**EXERCISE PROMPT:** In the listing below, the lines starting with the line with "Pacote de 3" and going on through the line with "SHEIN Nursing Long" are to be reproduced exactly, and only those.

**AVAILABLE DATA:**
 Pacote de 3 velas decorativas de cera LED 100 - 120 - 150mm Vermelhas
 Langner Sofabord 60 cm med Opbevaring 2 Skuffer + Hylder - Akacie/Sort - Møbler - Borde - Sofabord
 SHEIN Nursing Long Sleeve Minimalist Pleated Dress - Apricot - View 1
* * *
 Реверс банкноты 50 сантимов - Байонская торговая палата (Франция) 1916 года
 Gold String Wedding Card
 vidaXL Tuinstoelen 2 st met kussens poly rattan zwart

**RESPONSE TO THIS TASK:**
 Pacote de 3 velas decorativas de cera LED 100 - 120 - 150mm Vermelhas
 Langner Sofabord 60 cm med Opbevaring 2 Skuffer + Hylder - Akacie/Sort - Møbler - Borde - Sofabord
 SHEIN Nursing Long Sleeve Minimalist Pleated Dress - Apricot - View 1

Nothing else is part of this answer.